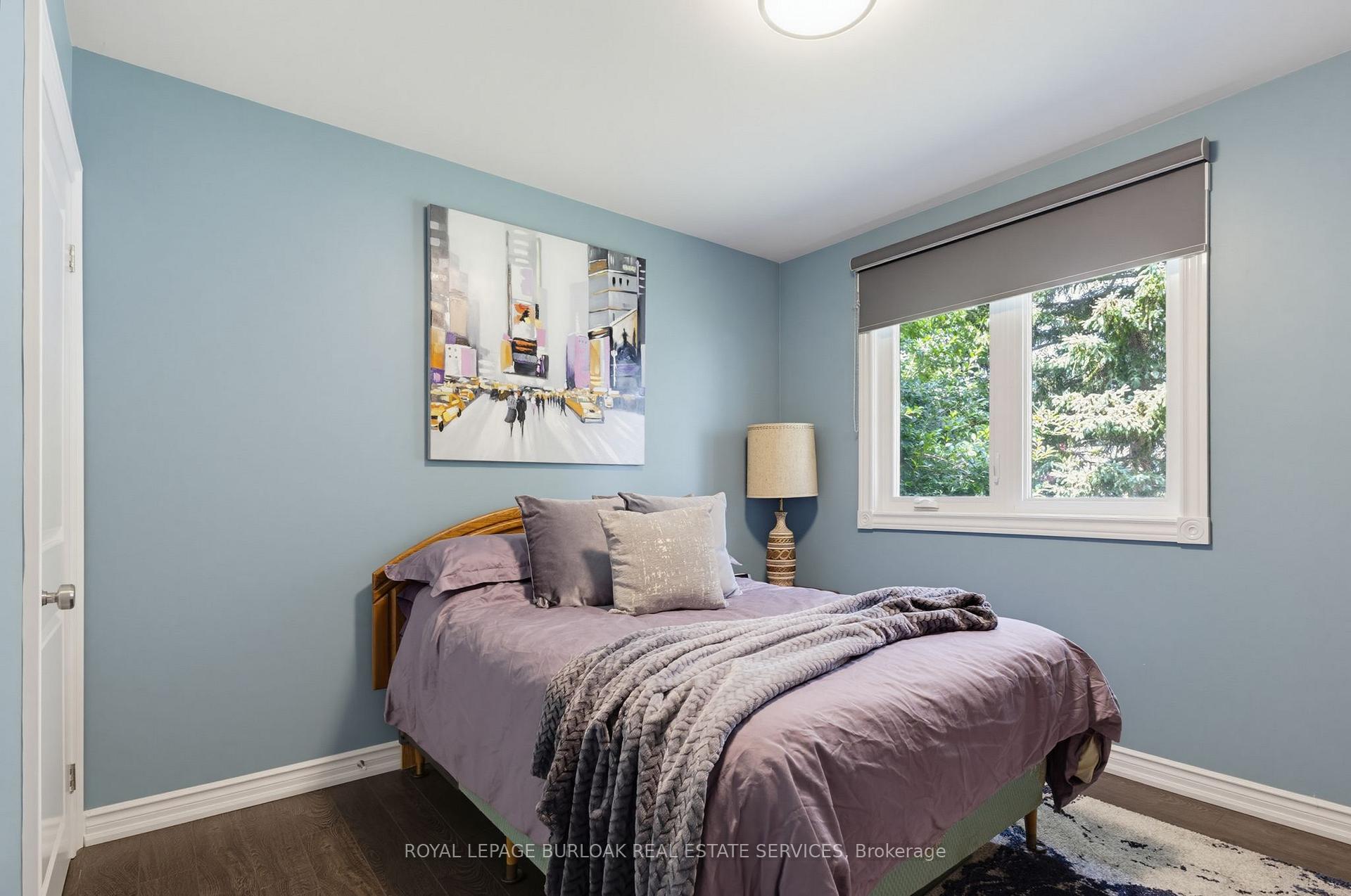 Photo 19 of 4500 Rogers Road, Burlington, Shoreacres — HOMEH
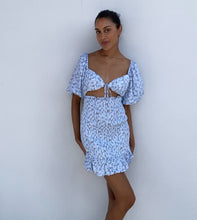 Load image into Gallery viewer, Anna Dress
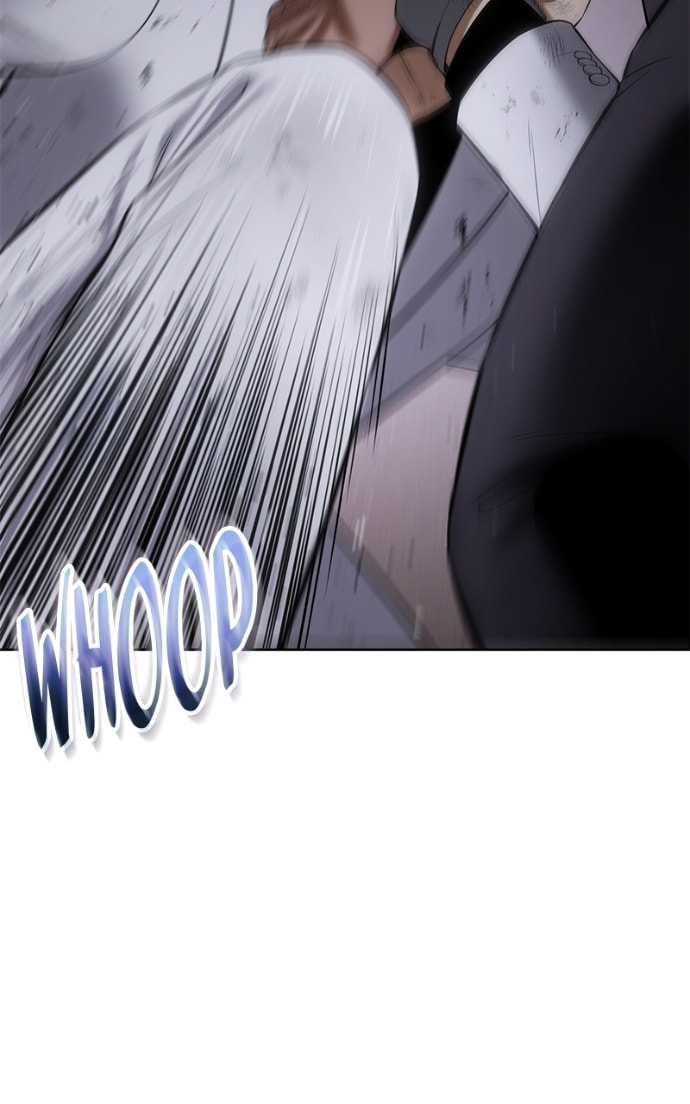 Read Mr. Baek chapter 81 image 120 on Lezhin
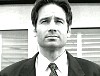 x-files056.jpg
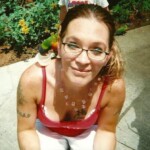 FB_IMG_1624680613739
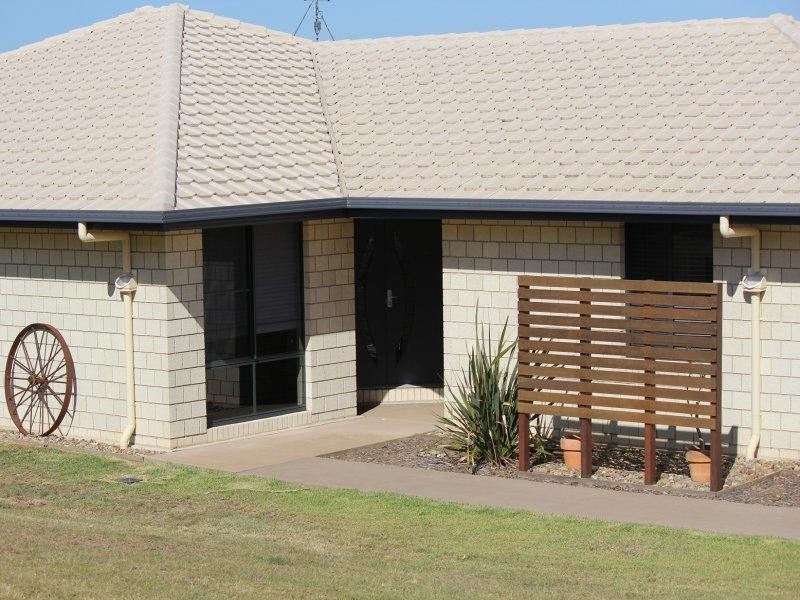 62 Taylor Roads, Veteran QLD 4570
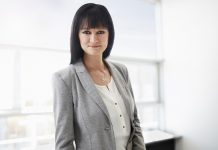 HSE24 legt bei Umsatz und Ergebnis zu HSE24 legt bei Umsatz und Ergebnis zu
--
▶ _AIM OF THE EXERCISE_: Find the line containing "FB_IMG_1624680613739" in the records above and restate it, and each line after it through the end, word for word, dropping the pictures.

▶ _EXERCISE RESPONSE_:
 FB_IMG_1624680613739
 62 Taylor Roads, Veteran QLD 4570
 HSE24 legt bei Umsatz und Ergebnis zu HSE24 legt bei Umsatz und Ergebnis zu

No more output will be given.